= YOUR TASK =
Using the records below, copy exactly the part that opens with the line holding "Hepco & Becker" and closes with the line holding "SPECNA ARMS FUCILE", minus the pictures.

Image-caption web data:
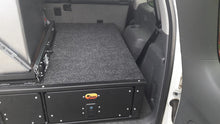 Load image into Gallery viewer, Big Country 4X4 Lexus GX 460 Drawer Kit - Seat Mount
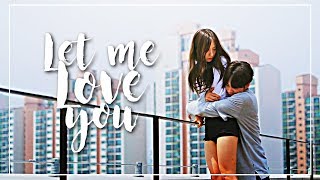 Lee Jihoon + Do Hyeri | "I Think I Like You..."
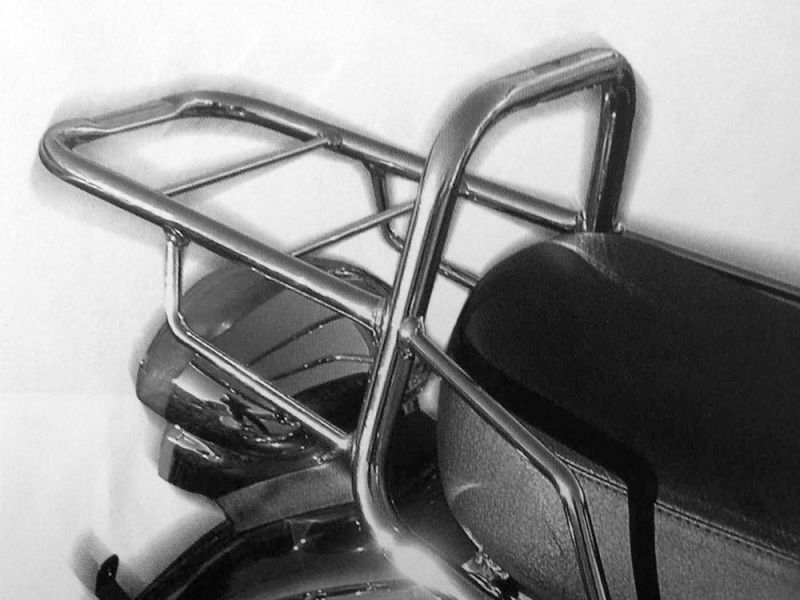 Hepco & Becker Porta-bagagens Triumph Thunderbird Sport (2000-2004)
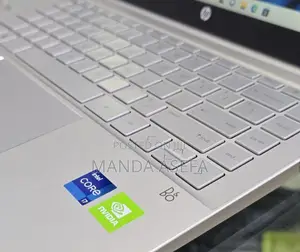 New Laptop HP Pavilion 14 16GB Intel Core I7 SSD 512GB
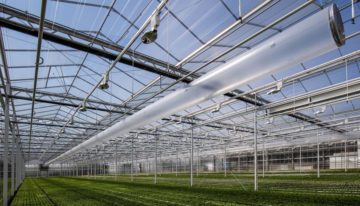 Van Uffelen Flowers enthousiast over Het Nieuwe Telen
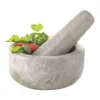 Baccarat Spice Market Pinta Mortar & Pestle -Deals Baccarat Store pcp 1028820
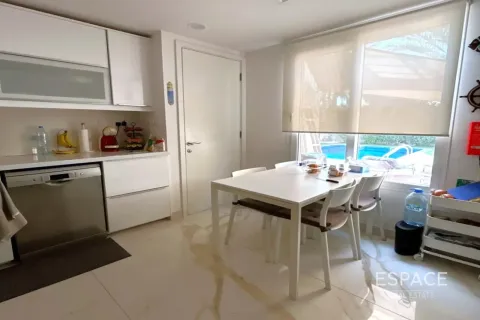 Vila di The Springs, Dubai, UEA 3 kamar tidur, 209 m2 nomor 737847 - foto 4
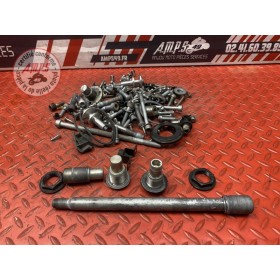 Kit de vis partie cycle 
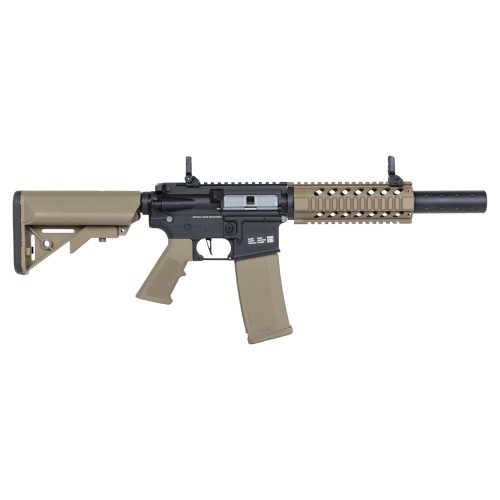 SPECNA ARMS FUCILE ELETTRICO SA-C11 CORE HAL ETU GEN.2 HALF-TAN (SPE-01-047104)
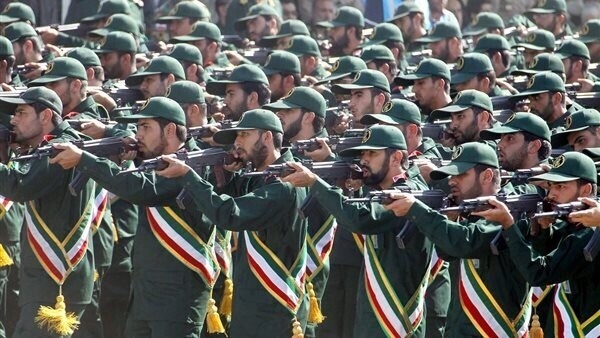 إيران: 41 قتيلا في هجوم إسرائيلي على مقر للحرس الثوري والبسيج الاثنين الماضي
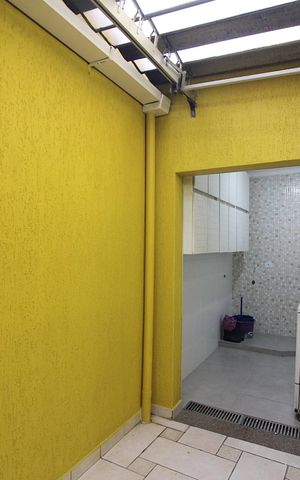 Casa à venda com 146m², 3 quartos e 2 vagasEspaço Gourmet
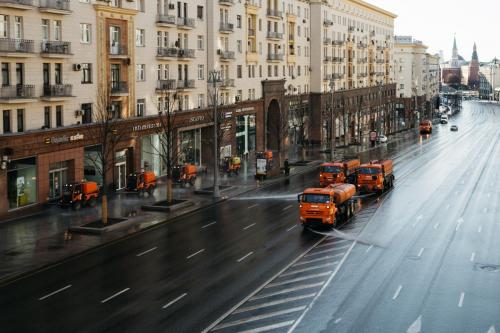 21.04.2020 Промывка на рассвете 0089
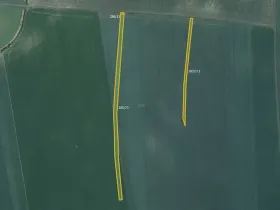 Prodej pole, Opatovice, 16113 m2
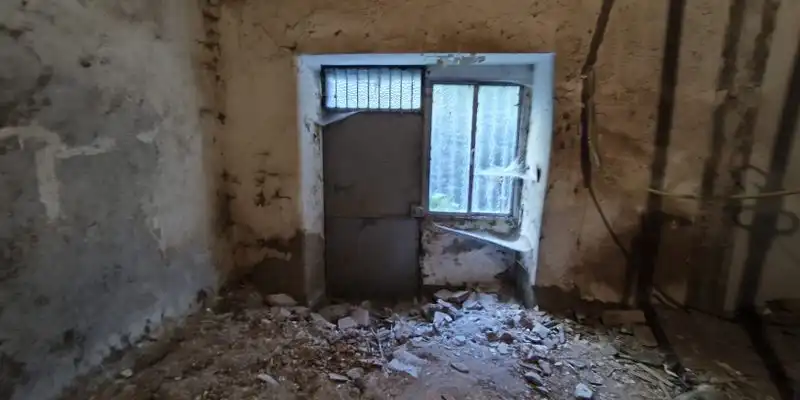 Finca rústica en venda en O Pereiro de Aguiar 
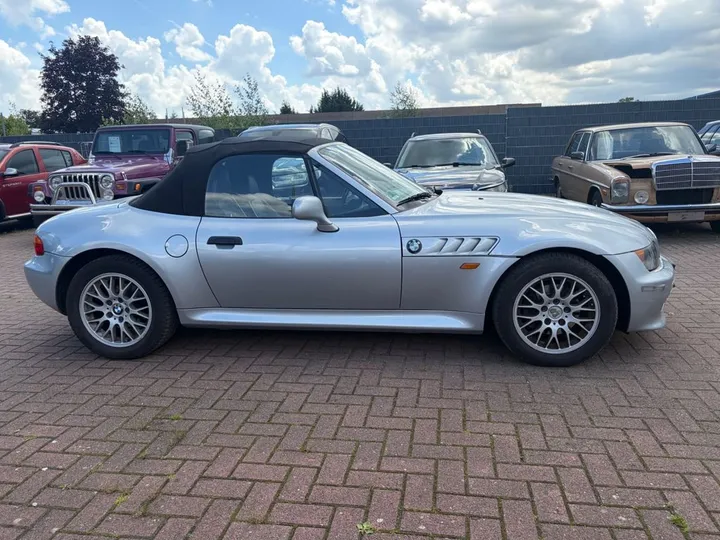 BMW Z3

= RESULT BELOW =
 Hepco & Becker Porta-bagagens Triumph Thunderbird Sport (2000-2004)
 New Laptop HP Pavilion 14 16GB Intel Core I7 SSD 512GB
 Van Uffelen Flowers enthousiast over Het Nieuwe Telen
 Baccarat Spice Market Pinta Mortar & Pestle -Deals Baccarat Store pcp 1028820
 Vila di The Springs, Dubai, UEA 3 kamar tidur, 209 m2 nomor 737847 - foto 4
 Kit de vis partie cycle 
 SPECNA ARMS FUCILE ELETTRICO SA-C11 CORE HAL ETU GEN.2 HALF-TAN (SPE-01-047104)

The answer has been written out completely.